Tout faire pour éviter une recrudescence du mouvement de colère, alors que l’impatience monte dans les exploitations. À trois jours de l’ouverture du Salon de l’agriculture, le gouvernement s’est à nouveau exprimé ce mardi 21 février, pour faire le point sur le suivi des engagements pris en faveur des agriculteurs ces dernières semaines, et apporter de nouvelles réponses aux revendications, alors que plusieurs actions de mobilisation ont émaillé le territoire ces dernières heures.
« Jamais autant d’avancées n’auront été mises en œuvre pour nos agriculteurs en si peu de temps », a affirmé Gabriel Attal depuis Matignon, trois semaines après sa première conférence de presse sur la question agricole.

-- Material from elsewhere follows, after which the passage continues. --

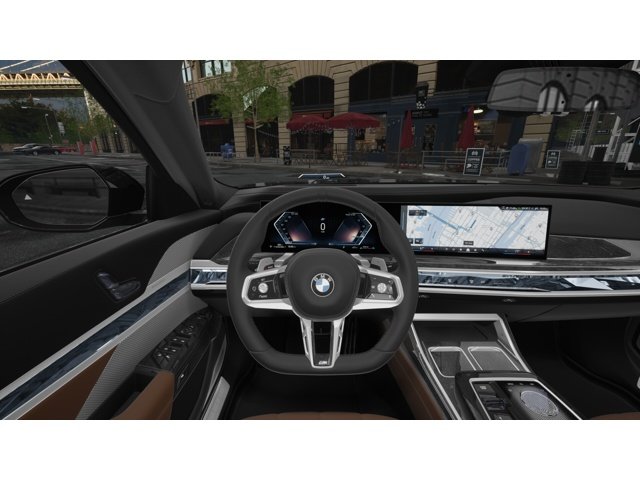 New 2026 Black Sapphire Metallic BMW 740i xDrive image 13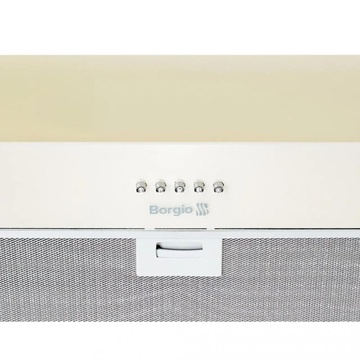 Borgio BBI (TR) 5840 ivory glass MU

« 100 % des chantiers ont été ouverts », a-t-il détaillé, en référence aux 62 engagements pris au début du mois. Sur cette feuille de route, il affirme que « huit engagements sur dix » ont « abouti » ou « sont sur le point d’aboutir ». « Nous avançons vite, nous allons continuer à avancer vite », a-t-il exprimé. Une manière très concrète pour les agriculteurs sera de juger sur leurs comptes bancaires. « De la trésorerie arrive dans des milliers d’exploitations », a assuré le Premier ministre. Outre l’ouverture de guichets pour le versement de fonds d’urgence en réponse à des crises climatiques ou sanitaires, Matignon a aussi indiqué que « 99,61 % des aides de base de la PAC » avaient été versées. Un objectif de 100 % d’ici le 15 mars a été pris.

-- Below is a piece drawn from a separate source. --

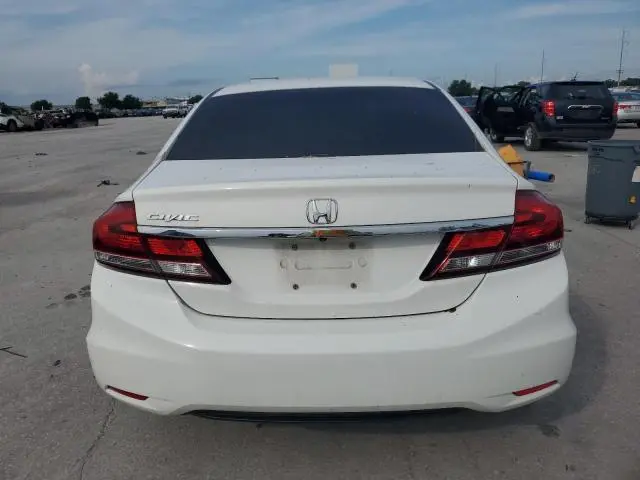 2013 HONDA CIVIC EX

Un nouveau texte Egalim d’ici cet été
Au-delà des mesures d’urgence, le gouvernement promet d’approfondir sa réponse législative, pour renforcer le cadre des dispositifs Egalim, qui encadre les négociations entre les distributeurs et leurs fournisseurs agro-industriels. Annonçant un projet de loi « à l’été », Gabriel Attal a précisé que le texte se fonderait sur les conclusions d’une mission parlementaire par les députés Alexis Izard (Renaissance) et Anne-Laure Babault (MoDem). L’idée est de « renforcer le poids des agriculteurs dans les négociations commerciales ». Le chef du gouvernement espère un renforcement de la logique selon laquelle le prix doit partir des coûts de production, mais aussi traiter la problématique des centrales d’achat situées hors de France. Sur ce point, Matignon pousse toujours pour un « Egalim européen ».
À ce titre, le ministre de l’Économie et des Finances a livré un bilan du renforcement des opérations de contrôle, en pleine période de négociations commerciales annuelles. Deux centrales d’achat européennes de la grande distribution, qui n’ont pas respecté la loi française, sont actuellement ciblées par des « pré-amendes » s’élevant à plusieurs « dizaines de millions d’euros ». Quant aux fraudes sur l’origine française des produits : sur 1 000 établissements contrôlés, 372 ne respecteraient pas ce label ou seraient en non-conformité. « Nous serons intraitables sur le respect de cette origine », a promis Bruno Le Maire, annonçant de premiers procès-verbaux « dans les prochains jours ».
Le Premier ministre veut aussi accélérer sur l’usage des produits français. Une Conférence des solutions associant Etat et collectivités sera convoquée d’ici avril, pour que ces dernières intègrent plus de produits durables et de qualité, ainsi que de bio, dans la restauration collective.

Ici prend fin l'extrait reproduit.